Task directions: Output exactly the lines that run from the top of the entries to the line holding "Pink frosting cupcake", including both of those lines.

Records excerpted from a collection
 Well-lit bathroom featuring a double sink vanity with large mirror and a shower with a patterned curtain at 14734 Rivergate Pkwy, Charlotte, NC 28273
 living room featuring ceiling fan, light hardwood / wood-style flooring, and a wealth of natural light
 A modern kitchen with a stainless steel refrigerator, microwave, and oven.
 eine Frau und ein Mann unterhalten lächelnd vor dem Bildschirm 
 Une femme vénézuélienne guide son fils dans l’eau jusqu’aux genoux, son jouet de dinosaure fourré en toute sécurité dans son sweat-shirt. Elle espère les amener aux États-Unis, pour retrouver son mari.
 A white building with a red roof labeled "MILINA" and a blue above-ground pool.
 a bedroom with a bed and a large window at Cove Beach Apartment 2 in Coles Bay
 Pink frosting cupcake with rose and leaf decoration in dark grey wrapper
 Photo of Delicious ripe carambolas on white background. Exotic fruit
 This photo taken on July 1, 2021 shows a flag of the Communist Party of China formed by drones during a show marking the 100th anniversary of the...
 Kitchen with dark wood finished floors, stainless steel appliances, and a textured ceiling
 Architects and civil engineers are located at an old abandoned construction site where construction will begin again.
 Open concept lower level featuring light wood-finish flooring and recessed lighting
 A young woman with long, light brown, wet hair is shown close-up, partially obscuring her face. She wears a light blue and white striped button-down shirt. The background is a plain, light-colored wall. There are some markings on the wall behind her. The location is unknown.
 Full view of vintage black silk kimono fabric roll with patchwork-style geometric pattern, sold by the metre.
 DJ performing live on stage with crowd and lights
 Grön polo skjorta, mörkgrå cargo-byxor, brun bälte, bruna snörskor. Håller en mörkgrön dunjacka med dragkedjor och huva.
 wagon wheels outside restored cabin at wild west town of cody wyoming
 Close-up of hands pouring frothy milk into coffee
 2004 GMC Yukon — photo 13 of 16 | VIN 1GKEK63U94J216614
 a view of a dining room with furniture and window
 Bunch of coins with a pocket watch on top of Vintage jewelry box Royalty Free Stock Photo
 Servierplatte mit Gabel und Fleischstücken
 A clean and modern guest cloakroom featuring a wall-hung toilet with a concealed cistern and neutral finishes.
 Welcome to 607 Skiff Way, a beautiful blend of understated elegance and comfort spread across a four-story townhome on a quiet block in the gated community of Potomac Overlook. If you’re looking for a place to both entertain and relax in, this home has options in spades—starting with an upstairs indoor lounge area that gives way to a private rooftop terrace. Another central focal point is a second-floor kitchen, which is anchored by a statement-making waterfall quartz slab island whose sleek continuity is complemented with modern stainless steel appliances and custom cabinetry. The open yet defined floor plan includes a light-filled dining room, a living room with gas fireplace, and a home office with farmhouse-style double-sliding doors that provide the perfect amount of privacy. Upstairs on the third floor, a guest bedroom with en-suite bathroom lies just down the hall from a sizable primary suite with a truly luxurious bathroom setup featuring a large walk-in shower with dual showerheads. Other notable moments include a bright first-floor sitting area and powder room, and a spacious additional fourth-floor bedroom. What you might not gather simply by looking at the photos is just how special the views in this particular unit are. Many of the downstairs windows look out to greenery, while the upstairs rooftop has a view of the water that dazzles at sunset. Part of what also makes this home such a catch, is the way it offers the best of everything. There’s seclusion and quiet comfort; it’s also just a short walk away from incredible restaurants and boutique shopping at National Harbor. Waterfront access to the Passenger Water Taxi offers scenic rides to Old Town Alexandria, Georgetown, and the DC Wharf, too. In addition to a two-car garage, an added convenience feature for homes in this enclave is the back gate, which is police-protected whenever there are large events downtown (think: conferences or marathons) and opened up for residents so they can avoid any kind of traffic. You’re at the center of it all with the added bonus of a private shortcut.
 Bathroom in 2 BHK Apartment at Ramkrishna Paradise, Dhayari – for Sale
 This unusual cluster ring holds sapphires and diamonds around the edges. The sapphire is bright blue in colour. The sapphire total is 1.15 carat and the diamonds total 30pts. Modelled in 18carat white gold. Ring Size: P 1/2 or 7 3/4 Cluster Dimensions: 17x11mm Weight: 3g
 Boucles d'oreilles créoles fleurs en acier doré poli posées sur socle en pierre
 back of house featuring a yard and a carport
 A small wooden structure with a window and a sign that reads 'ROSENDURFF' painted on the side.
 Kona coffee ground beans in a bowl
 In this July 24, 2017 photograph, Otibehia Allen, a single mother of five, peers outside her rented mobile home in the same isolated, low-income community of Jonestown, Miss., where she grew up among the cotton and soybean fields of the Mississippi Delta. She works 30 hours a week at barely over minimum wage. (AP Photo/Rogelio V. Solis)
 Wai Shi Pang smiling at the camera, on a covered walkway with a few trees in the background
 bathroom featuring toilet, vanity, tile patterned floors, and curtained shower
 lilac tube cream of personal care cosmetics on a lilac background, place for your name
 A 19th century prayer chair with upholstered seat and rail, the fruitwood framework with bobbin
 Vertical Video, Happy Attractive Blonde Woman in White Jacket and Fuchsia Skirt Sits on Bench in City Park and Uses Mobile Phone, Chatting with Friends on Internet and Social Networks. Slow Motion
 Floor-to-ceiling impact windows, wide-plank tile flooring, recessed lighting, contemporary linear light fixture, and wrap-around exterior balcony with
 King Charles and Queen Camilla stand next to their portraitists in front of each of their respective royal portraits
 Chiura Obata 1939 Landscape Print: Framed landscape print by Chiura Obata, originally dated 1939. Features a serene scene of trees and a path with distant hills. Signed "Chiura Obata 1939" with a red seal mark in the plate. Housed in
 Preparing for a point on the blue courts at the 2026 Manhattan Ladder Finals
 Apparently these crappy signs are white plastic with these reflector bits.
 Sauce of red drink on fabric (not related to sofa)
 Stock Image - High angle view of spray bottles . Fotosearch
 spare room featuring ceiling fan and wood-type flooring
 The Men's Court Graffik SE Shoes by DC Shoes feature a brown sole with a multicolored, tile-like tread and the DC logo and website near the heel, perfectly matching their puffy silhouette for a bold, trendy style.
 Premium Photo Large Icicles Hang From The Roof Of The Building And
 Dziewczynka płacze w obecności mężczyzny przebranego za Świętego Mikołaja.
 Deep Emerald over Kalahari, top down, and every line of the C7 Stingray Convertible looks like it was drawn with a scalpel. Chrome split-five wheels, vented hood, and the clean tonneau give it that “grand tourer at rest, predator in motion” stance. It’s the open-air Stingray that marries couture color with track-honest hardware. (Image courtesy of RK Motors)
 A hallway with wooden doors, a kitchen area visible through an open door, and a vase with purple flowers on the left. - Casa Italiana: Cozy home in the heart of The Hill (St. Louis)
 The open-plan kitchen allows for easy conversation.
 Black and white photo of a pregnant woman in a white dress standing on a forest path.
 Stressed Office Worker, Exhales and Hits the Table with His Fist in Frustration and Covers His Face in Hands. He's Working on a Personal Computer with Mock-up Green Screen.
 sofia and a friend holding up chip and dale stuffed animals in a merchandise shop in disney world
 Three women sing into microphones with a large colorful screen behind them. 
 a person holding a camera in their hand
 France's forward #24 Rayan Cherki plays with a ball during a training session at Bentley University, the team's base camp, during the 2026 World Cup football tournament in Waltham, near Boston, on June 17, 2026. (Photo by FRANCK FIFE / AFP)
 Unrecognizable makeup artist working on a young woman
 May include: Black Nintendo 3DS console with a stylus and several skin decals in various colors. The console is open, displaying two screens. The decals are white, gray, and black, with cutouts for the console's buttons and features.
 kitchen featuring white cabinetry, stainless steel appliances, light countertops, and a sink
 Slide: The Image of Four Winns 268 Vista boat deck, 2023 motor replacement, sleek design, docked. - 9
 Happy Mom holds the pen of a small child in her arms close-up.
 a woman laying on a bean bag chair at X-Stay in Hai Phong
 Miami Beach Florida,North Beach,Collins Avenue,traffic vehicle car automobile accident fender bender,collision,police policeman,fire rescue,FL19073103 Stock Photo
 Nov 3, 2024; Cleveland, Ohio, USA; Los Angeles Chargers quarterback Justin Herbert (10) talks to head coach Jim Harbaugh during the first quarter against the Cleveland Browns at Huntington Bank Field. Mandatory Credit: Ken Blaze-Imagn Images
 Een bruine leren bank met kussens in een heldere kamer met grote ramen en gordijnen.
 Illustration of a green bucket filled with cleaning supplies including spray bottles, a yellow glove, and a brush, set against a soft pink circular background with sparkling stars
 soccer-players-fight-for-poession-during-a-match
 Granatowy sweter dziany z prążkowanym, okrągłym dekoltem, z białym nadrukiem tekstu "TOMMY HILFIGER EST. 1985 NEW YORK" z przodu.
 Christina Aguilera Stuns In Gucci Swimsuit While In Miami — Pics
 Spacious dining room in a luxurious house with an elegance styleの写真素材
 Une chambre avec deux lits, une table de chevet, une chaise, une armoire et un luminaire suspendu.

Task result:
 Well-lit bathroom featuring a double sink vanity with large mirror and a shower with a patterned curtain at 14734 Rivergate Pkwy, Charlotte, NC 28273
 living room featuring ceiling fan, light hardwood / wood-style flooring, and a wealth of natural light
 A modern kitchen with a stainless steel refrigerator, microwave, and oven.
 eine Frau und ein Mann unterhalten lächelnd vor dem Bildschirm 
 Une femme vénézuélienne guide son fils dans l’eau jusqu’aux genoux, son jouet de dinosaure fourré en toute sécurité dans son sweat-shirt. Elle espère les amener aux États-Unis, pour retrouver son mari.
 A white building with a red roof labeled "MILINA" and a blue above-ground pool.
 a bedroom with a bed and a large window at Cove Beach Apartment 2 in Coles Bay
 Pink frosting cupcake with rose and leaf decoration in dark grey wrapper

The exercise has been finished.